=== Section Start ===
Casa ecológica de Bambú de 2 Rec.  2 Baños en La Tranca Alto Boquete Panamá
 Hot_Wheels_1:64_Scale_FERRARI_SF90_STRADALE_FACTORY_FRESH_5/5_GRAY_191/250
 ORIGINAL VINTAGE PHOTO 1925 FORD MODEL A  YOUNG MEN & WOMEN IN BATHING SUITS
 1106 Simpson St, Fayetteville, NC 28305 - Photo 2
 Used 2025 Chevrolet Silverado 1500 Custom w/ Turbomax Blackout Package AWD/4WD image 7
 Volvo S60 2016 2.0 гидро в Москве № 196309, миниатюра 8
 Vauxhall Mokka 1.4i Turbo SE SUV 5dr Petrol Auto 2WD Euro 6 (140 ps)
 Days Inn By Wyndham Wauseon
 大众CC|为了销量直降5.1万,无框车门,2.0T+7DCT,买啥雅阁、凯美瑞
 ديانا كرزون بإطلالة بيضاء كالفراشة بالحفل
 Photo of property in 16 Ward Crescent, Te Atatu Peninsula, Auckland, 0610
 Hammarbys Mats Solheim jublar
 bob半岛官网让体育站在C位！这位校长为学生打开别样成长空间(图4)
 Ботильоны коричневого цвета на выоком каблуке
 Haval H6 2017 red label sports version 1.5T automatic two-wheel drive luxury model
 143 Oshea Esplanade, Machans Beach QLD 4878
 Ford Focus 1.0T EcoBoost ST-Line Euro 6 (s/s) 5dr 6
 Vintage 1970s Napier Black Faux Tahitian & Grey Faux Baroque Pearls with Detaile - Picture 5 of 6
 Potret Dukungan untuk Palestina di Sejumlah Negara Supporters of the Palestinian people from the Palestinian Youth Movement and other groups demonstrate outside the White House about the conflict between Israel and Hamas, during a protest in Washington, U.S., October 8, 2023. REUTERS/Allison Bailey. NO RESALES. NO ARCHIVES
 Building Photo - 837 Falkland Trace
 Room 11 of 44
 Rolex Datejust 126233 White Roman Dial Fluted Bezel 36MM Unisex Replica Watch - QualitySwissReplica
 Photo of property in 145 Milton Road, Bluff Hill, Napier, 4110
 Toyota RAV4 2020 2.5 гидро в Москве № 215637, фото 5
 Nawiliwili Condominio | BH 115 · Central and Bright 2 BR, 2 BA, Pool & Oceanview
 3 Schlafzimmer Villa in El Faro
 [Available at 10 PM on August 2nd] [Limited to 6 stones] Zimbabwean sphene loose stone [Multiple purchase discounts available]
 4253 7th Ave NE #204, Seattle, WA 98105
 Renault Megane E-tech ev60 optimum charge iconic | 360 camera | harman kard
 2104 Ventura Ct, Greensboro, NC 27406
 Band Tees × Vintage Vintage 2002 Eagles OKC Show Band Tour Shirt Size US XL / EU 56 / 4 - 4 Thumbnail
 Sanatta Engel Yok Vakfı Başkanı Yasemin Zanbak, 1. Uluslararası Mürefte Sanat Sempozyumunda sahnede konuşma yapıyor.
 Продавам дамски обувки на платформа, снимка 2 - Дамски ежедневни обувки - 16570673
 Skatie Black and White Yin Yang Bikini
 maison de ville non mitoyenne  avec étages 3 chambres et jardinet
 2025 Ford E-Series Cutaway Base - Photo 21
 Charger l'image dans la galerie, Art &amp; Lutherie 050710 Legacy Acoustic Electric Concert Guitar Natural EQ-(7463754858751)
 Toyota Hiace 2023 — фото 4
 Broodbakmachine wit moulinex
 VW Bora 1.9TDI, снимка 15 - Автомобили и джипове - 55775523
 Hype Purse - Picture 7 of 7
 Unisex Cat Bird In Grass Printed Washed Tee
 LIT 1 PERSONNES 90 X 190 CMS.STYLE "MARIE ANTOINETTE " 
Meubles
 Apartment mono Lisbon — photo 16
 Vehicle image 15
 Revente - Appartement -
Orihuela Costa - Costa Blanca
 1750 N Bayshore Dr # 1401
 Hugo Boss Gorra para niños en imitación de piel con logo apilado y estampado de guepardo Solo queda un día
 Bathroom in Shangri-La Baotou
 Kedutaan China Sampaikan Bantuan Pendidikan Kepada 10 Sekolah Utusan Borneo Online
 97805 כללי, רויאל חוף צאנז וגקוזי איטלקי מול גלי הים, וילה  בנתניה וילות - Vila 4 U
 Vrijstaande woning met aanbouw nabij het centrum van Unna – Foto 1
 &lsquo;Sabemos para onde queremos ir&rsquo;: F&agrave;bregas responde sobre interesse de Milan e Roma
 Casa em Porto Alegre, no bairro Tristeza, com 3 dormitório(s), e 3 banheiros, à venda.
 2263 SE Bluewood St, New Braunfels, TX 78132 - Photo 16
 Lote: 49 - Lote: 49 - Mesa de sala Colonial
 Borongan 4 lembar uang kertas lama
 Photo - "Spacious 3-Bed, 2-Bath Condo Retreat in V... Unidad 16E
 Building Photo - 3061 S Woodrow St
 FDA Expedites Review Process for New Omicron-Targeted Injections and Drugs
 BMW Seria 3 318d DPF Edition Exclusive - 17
=== Section End ===
Copy each line of the preceding data that contains the string "снимка".

 Продавам дамски обувки на платформа, снимка 2 - Дамски ежедневни обувки - 16570673
 VW Bora 1.9TDI, снимка 15 - Автомобили и джипове - 55775523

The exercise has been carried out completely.